For $x≠0$, all we need is to show
$(f_n(x) + ({n-1 \over 2})x-1) > 0$
Let $R=1+x>0$
$\displaystyle f_n(x) = \frac{n\;(R-1)}{R^n-1} \stackrel{?}{>}\; \left(1 - \left(\frac{n-1}{2}\right)\;(R-1)\right)$
Or, $\displaystyle \; n \stackrel{?}{>}
\left( \frac{R^n-1}{R-1} \right)
\left(1 - \left(\frac{n-1}{2}\right)\;(R-1)\right)$
We want to locate RHS extremum.
$\displaystyle \frac{d(RHS)}{dR} =
\frac{1 - ({n^2+n \over 2})\;R^{n-1} + (n^2\!-\!1)\;R^n - ({n^2-n \over 2})\;R^{n+1}} { (R-1)^2}$
From numerator, with $n>1$, we have 3 sign changes, thus 1 or 3 roots.
However, RHS is a polynomial; so does all its derivatives.
Numerator must have 3 roots, with 2 roots cancelled by denominator.
⇒ RHS has only 1 extremum, at the $x=0$ tangent.

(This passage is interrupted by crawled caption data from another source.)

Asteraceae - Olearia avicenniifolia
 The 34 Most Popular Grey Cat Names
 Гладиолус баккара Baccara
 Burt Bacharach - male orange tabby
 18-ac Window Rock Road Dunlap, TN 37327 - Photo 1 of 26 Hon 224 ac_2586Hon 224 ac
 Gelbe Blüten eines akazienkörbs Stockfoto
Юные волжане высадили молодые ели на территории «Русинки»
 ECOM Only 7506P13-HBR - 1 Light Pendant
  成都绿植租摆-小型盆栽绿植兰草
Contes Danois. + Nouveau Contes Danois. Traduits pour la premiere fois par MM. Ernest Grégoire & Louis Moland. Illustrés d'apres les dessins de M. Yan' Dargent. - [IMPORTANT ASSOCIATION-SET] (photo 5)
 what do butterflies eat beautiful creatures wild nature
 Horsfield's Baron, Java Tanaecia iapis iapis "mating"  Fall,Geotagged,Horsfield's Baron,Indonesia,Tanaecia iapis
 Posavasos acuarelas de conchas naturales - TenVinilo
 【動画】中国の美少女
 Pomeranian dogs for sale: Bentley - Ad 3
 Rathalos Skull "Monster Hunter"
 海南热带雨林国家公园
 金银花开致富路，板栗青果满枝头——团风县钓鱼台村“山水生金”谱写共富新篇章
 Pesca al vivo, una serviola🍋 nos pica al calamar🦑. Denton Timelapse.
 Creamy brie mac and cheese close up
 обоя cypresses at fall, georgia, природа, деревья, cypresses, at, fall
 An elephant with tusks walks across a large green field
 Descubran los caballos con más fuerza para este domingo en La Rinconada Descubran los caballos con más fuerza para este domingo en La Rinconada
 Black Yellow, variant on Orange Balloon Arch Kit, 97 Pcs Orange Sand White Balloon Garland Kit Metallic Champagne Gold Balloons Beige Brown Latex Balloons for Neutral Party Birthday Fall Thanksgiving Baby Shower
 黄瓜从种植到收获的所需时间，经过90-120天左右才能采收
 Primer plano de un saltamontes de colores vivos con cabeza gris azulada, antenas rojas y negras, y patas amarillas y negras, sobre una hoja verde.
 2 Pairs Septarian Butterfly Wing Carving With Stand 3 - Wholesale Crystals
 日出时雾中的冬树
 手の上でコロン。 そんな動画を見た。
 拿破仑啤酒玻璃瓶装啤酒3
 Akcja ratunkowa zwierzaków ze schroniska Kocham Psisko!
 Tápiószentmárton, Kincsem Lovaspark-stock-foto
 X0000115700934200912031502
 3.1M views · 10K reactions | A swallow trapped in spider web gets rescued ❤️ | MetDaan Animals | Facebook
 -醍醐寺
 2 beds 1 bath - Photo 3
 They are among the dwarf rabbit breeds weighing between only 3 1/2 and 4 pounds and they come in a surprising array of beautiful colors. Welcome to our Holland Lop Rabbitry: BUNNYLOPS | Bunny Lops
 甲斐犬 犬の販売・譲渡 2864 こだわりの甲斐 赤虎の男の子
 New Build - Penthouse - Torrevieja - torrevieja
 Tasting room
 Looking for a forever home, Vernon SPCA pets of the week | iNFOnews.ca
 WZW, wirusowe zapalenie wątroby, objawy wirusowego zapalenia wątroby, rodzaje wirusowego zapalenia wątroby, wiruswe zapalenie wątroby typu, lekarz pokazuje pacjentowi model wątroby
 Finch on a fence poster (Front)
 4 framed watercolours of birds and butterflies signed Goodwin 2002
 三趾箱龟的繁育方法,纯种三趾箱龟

All is require is to check curve above, or below tangent line.
For $x → ∞$:
Decay function $f_n(∞) = 0$
Tagent line: $1-\left({n-1 \over 2}\right)(∞) = -∞$
Thus, decay function above tangent line.
For $x≠0:\;(f_n(x) + ({n-1 \over 2})x - 1) > 0\qquad$QED
We can also move everything to one side, and expand polynomial.
$\begin{align}\displaystyle g_n(R) &=
\left( \frac{R^n-1}{R-1} \right)
\left(1 - \left(\frac{n-1}{2}\right)\;(R-1)\right) - n \\
&= -\left(\frac{n-1}{2}\right)\;R^n + R^{n-1} + R^{n-2} \;+\;...\;+\;R - \left(\frac{n-1}{2}\right)
\end{align}$
$g(1) = -\left(\frac{n-1}{2}\right) + (n-1) -\left(\frac{n-1}{2}\right)= 0$
$g'(1) = -n\left(\frac{n-1}{2}\right) + (n-1)+(n-2)\;+\;...\;+\;1= 0$
$g_n(R)$ have 2 sign changes, 2 repeated roots at R=1
⇒ Only 1 extremum, at the $\;x=0\;$ tangent line.